„Pani Godek chce, abym umarła podczas porodu!”. Gwiazdy protestują przeciwko zaostrzeniu prawa aborcyjnego
W najbliższą środę (15.04) Kaja Godek przedstawi w sejmie projekt zaostrzający dotychczasowe prawo aborcyjne. Ten sam, który w 2018 roku został zamrożony po „Czarnym Proteście” tysięcy kobiet. Gwiazdy włączają się do walki, jasno komunikując: „Mówimy NIE!”
Jako jedna z pierwszych głos w tej sprawie zabrała modelka Anją Rubik, która od lat walczy o prawa kobiet i angażuje się w inicjatywy społeczne.
"Niestety po raz kolejny musimy walczyć o Nasze zdrowie, bezpieczeństwo i godność. Nie wiem, czy wiecie, ale Pani Godek chce, abym umarła podczas porodu i zostawiła osierocone dziecko. Pani Godek chce, abyś ty zgwałcona nie miała wyboru i była zmuszona urodzić dziecko gwałciciela. Pani Godek chce, abyśmy przez 9 miesięcy nosiły w sobie dziecko wiedząc, że ono umrze tuż po porodzie lub będzie nieodwracalnie upośledzone" - zaczyna swój wpis na Instagramie Anja Rubik, dalej przekonując, że ustawa bezpośrednio dotyka wszystkie kobiety.
"TAK! To mogę być JA, TY, twoja CÓRKA, WNUCZKA, ŻONA czy MATKA. Ta ustawa dotyczy mnie, ciebie, każdej kobiety, każdego mężczyzny i każdej rodziny w Polsce! W środę Pani Godek będzie czytać obywatelski projekt o zaostrzeniu przepisów antyaborcyjnych właśnie podczas epidemii (...) Jest to wyjątkowo okrutne, że w momencie, kiedy potrzebujemy wsparcia, w momencie, kiedy wielu z nas potraciło pracę i nasza przyszłości stoi pod znakiem zapytania, próbuje nam się odebrać prawo do decydowania o naszym życiu" - pisze zdenerwowana modelka.
Do strajku postanowiła także dołączyć Maja Ostaszewska, która od lat walczy o równouprawnienie kobiet.
"Teraz wraca ta chora, fundamentalistyczna wizja świata, w której kobiety będą zmuszane do utrzymywania ciąży nawet w przypadku trwałego, nieodwracalnego uszkodzenia płodu. Zmuszane do ryzykowania własnego życia, bo w przypadkach embriopatologicznych zawsze jest takie zagrożenie i patrzenia na umierające w bólu, często sztucznie utrzymane do końca ciąży ich zniekształcone dzieci" - przekonuje w mocnym wpisie aktorka, zauważając, że może pojawić się niebezpieczeństwo oskarżania i karania kobiet w sytuacjach naturalnego poronienia.

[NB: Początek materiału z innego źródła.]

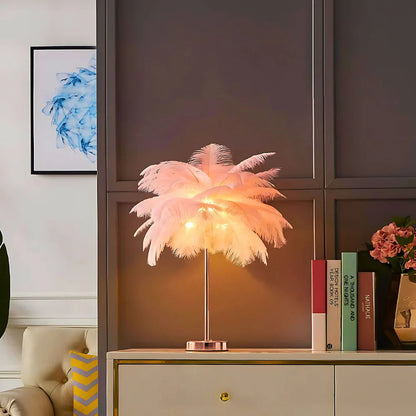 Bunte künstliche Palme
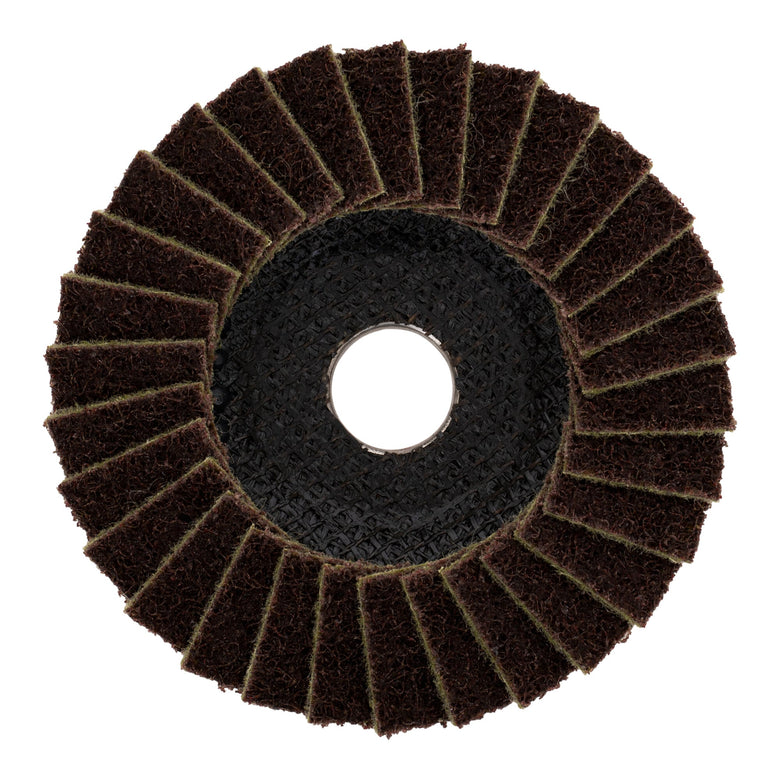 STIER fleece flap discs 125 x 18 x 22.23 mm medium 5 pieces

"Ograniczone zostaną zaawansowane inwazyjne badania i leczenie prenatalne, które wielokroć ratują zdrowie i życie dzieci w okresie płodowym. Kobiety będą zmuszane do utrzymywania ciąży z gwałtu. Również w przypadku nieletnich. To może dotyczyć Twojej córki, siostry, żony, przyjaciółki... każdej z nas" - dodaje Ostaszewska.
Dalej pisze o kolejnym projekcie forsowanym przez Kaję Godek, dotyczącym zakazu edukacji seksualnej, który według aktorki spowoduje narażenie dzieci na wykorzystywanie seksualne i dyskryminacje.
"Dlatego po raz kolejny mówimy NIE chorym projektom!!! Nie możemy się gromadzić, ale protestujemy w sieci i na wiele innych sposobów" - kończy swój wpis Maja Ostaszewska.
Kaja Godek znana jest ze swojej walki z legalną aborcją. Jutro pod obrady sejmu trafi projekt, który może nakładać na kobiety karę pięciu lat więzienia za przerwanie ciąży, także w przypadkach gwałtu, nieodwracalnego uszkodzenia płodu, czy ciąży zagrażającej życiu matki.
Kontrowersje wokół projektu wzbudza czas, w którym zostanie on przedłożony sejmowi. Epidemia koronawirusa i obostrzenia dotyczące zgromadzeń i przemieszczania uniemożliwiają protest na ulicach.
Protest przeciwko zaostrzeniu prawa aborcyjnego podjęli także: Hanna Lis, Margaret, Michał Piróg i Kasia Sokołowska.
Co myślicie? Czy to odpowiedni czas na dyskusję dotyczącą prawa aborcyjnego w Polsce?